The changes made to the SME growth markets should also be noted. These were created in 2014 as a special category of multilateral trading facilities (MTF). It was not intended that an MTF, in the general category, have a segment registered as an SME growth market. It is this possibility that is recognized by the 23 October 2024 Directive, which has led to a change in the definition of MTFs and the adaptation of the SME growth market regime.
Regulation 2024/2809
The 23 October 2024 Regulation mainly amends the Prospectus Regulation of 14 June 2017 and the Market Abuse Regulation of 16 April 2014. The aim, as regards the former, is to remove the obstacles represented by the length, complexity and high cost of drawing up the prospectus and, as regards the latter, to enhance legal clarity, remedy the disproportionate nature of the requirements imposed on issuers and increase the overall attractiveness of the European Union’s capital markets, while ensuring an appropriate level of investor protection and market integrity. Numerous provisions of these texts have therefore been amended.
The scope of the obligation to draw up a prospectus and the exemptions from this obligation have been amended. The ‘EU Growth Prospectus’, which concerns SMEs, becomes the ‘EU Growth Issuance Prospectus’. The simplified prospectus for secondary issues and the EU Recovery Prospectus are replaced by a new document called the ‘EU Follow-On Prospectus’. It should also be noted that the securities prospectus must have a maximum length (300 A4 pages when printed), that the equivalence regime for prospectuses drawn up in accordance with the legislation of a non-Member State has been revised to make it more functional, and that the language regime has been amended to authorize, in addition to the language accepted by the Member State, the use of the ‘language customary in the international sphere’ when the offer of securities to the public or admission to trading is requested only in one Member State: previously, only the language accepted by the Member State was permitted.
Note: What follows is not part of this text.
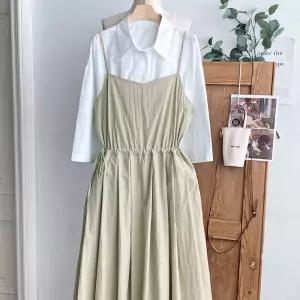 여성 허리스트링 민소매 레이어드 끈나시 원피스 DGB-WDR-4339-연카키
Issuers must publish inside information about themselves. The regime for such disclosures is amended to exclude the disclosure of information relating to interim stages. Amendments have also been made to the rules on market soundings, as well as to the reporting obligations imposed in the event of share buybacks and to the regime for exchanging information with national authorities. A mechanism known as ‘cross-market order book surveillance’ or CMOBS is to be introduced to enable authorities to detect market manipulation more effectively on markets with a significant cross-border dimension. The sanctions regime has also been amended to make them proportionate to the size of the company, the aim being to avoid discouraging SMEs from listing on a market. A specific sanction, ‘as an alternative solution’, is provided for when the legal entity to be sanctioned is an SME.